Propositioning, or getting a right shafting, Part 2

Machinations and fabrications, it's all getting done aboard the beached steel whale known as Alchemy. This proper update is primarily pictorial, most of this tending toward the self-explanatory.

Measure for measure, this bargain digital micrometer has been very useful
Keen-eyed followers of this record of minor achievement may recall that I needed a different Aquadrive-to-engine flange adapter plate, as I had gone and changed engines. These sort of things can happen when one buys boat gear three or four years out of sync with the actual completion of specific systems. Eh, je ne regrette rien.

The new adapter plate, obtained at a turn your head and cough price from the efficient and knowledgeable Brent of Mermaid Marine of Charlottetown, PEI, proved sufficiently Germanic in its honed exactitude to pass the penultimate fitting, of the dry kind. But a number of processes had to come to fruition before a real live welder was brought in to lay the strong seams.

For one, the engine stringer stages had to be fabricated.
A bridge over troubled bilges.
...and laid in place...

Yes, this will be cleaned, primed and painted. All of it.
Then the engine had to be flown and "blocked" with planks designed to stop (or at least slow) its descent should the chain fail fail during the welder's labours noted in a recent post.

Only apparently half-assed: This reinforcement has raised and lowered the engine a few dozen times with nary a creak.
In order to raise the engine above the level of the pilothouse floor, which itself was necessary to place planking under it and give maximum scope to anyone working in the engine bay, some modifications were made to raise the cross-beam about one foot higher than originally designed.

Not seen is how damn frosty and windy that day was. Or indeed most of days during which this work has been done. Boo-freakin' hoo. I'm Canadian. It's character building, this boat building.

The touch-up colour for Beta Marine engines is Plasti-Kote Enamel 209. Now you know.

That one-belted double wheel is the "double power take-off" custom selected for this engine. It will enable either two smaller alternators to be run (redundancy) or one alternator and an engine-driven compressor or bilge pump.

Reaming the cutlass bearing. Like most boat related activities, it sounds like nasty slang from a drama set in a particularly grim prison.
Getting the new Aquamet 22 shaft in was enough of a two-man trial that myself and the redoubtable Captain Matt have renewed confidence in the integrity of the Thordon Elastomeric cutlass bearing getting oiled up in the previous shot.

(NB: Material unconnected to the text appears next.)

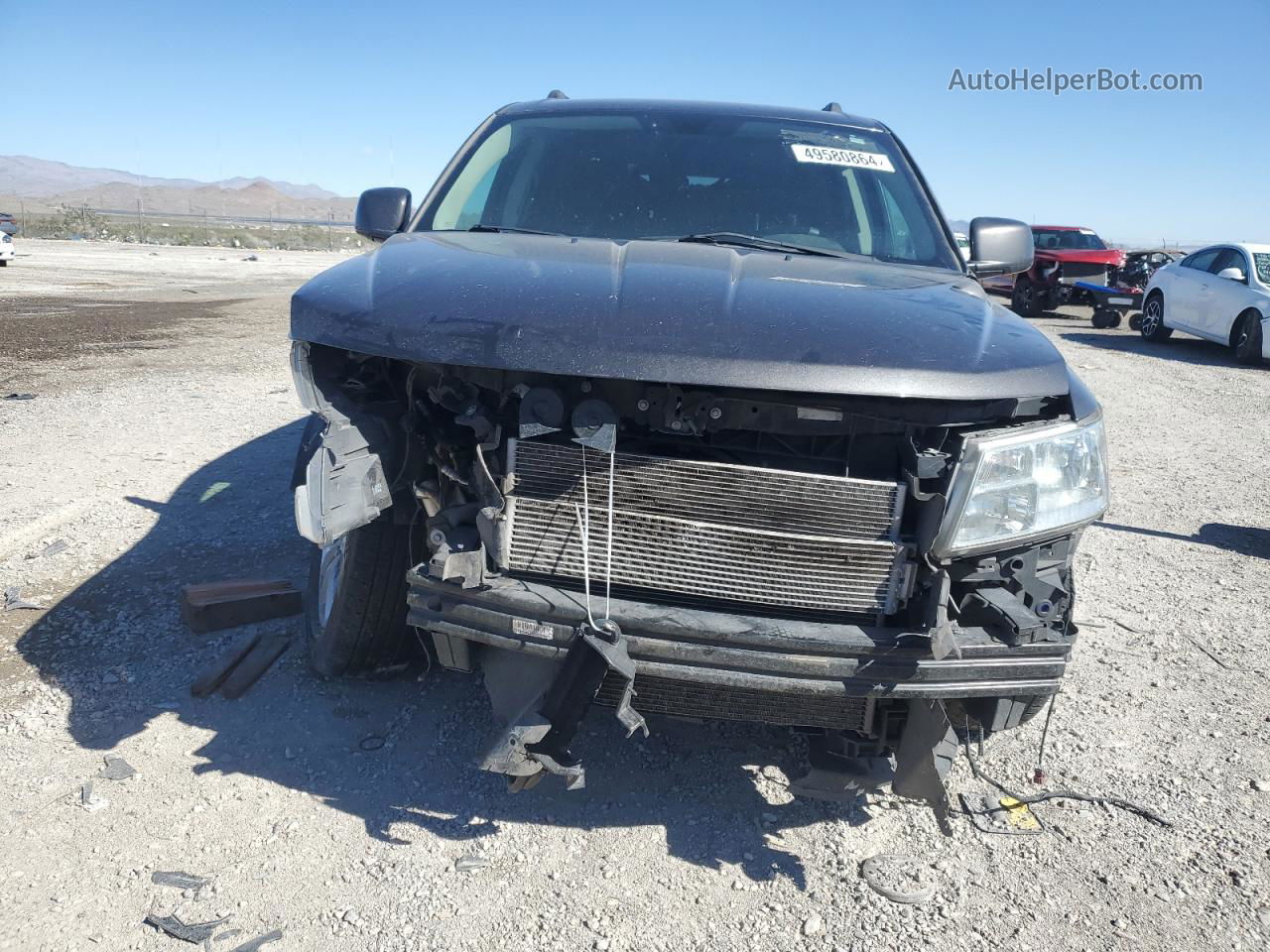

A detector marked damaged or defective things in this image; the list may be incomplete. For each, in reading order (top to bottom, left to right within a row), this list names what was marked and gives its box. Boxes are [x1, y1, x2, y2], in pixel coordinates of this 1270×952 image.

There's plenty of life left in it to judge by its reassuring lack of play.
As for this shaft, it's arguably the strongest thing aboard.

Back inside, the engine mounts looked "dry-fit OK".

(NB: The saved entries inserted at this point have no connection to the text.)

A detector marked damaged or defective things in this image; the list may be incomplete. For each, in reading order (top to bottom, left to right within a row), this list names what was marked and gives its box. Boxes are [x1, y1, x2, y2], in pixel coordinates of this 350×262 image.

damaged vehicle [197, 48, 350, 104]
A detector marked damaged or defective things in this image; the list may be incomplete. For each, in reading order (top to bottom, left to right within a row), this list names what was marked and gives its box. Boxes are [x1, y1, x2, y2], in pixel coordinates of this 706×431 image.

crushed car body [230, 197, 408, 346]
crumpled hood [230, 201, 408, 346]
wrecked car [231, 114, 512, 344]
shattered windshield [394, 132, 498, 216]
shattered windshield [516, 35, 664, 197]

Thanks to the four-inch tall stringers, there's plenty of clearance below the oil pan and above the as-yet unplumbed and somewhat provisional day tank.

One minor difficulty was resolved by the removal of the lowest pilothouse companionway step, which will be hinged shortly in order to allow fabricated engine bay doors to open along the entire length of the engine bay opening.

Now you see it...

...now you don't. The bungees hold the tongue and groove trim over the steel bulkhead in place.

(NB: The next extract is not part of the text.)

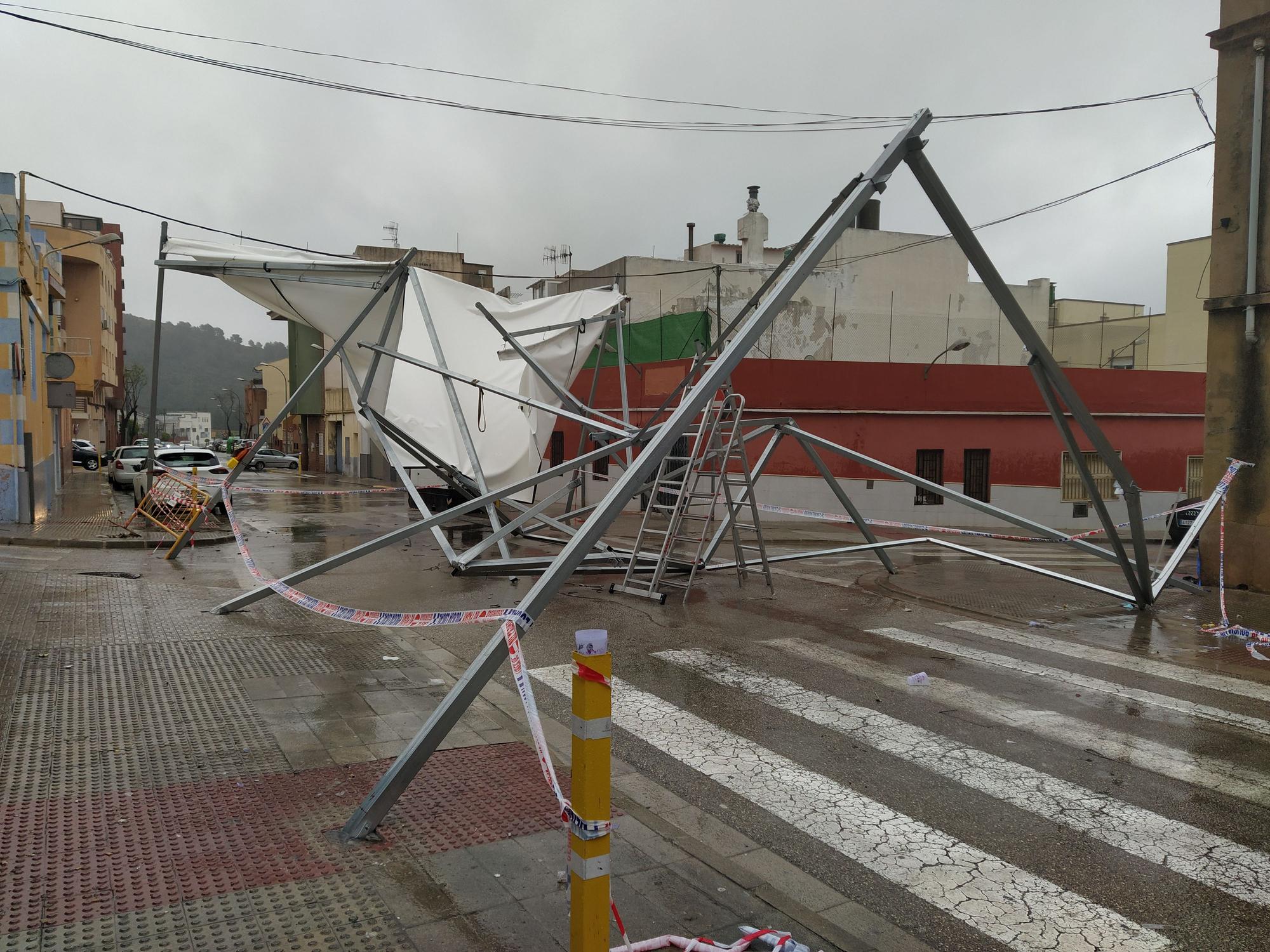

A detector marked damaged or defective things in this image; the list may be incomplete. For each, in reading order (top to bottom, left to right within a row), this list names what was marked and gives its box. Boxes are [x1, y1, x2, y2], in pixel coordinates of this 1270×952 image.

torn white tarpaulin [164, 239, 625, 500]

The needed adapter arrived and was found Aquaquate, so to speak.

Adaptation of the species
After that pricy little item went on, we had to slip on the Packless Sealing System, confusingly and redundantly frequently called the "PSS Shaft Seal". The principles on which this popular device operates are well known enough that I won't recount them here, but the important bit for the novice to grasp is that this replaces the traditional flax-string stuffing box, which is the only barrier between the sea and the interior of the boat via the prop shaft's "tunnel".

I could grow fond of the accordion.
Traditional stuffing boxes must drip as part of their operation. PSSes do not. On a steel boat, this is desirable and worth the cost of purchase.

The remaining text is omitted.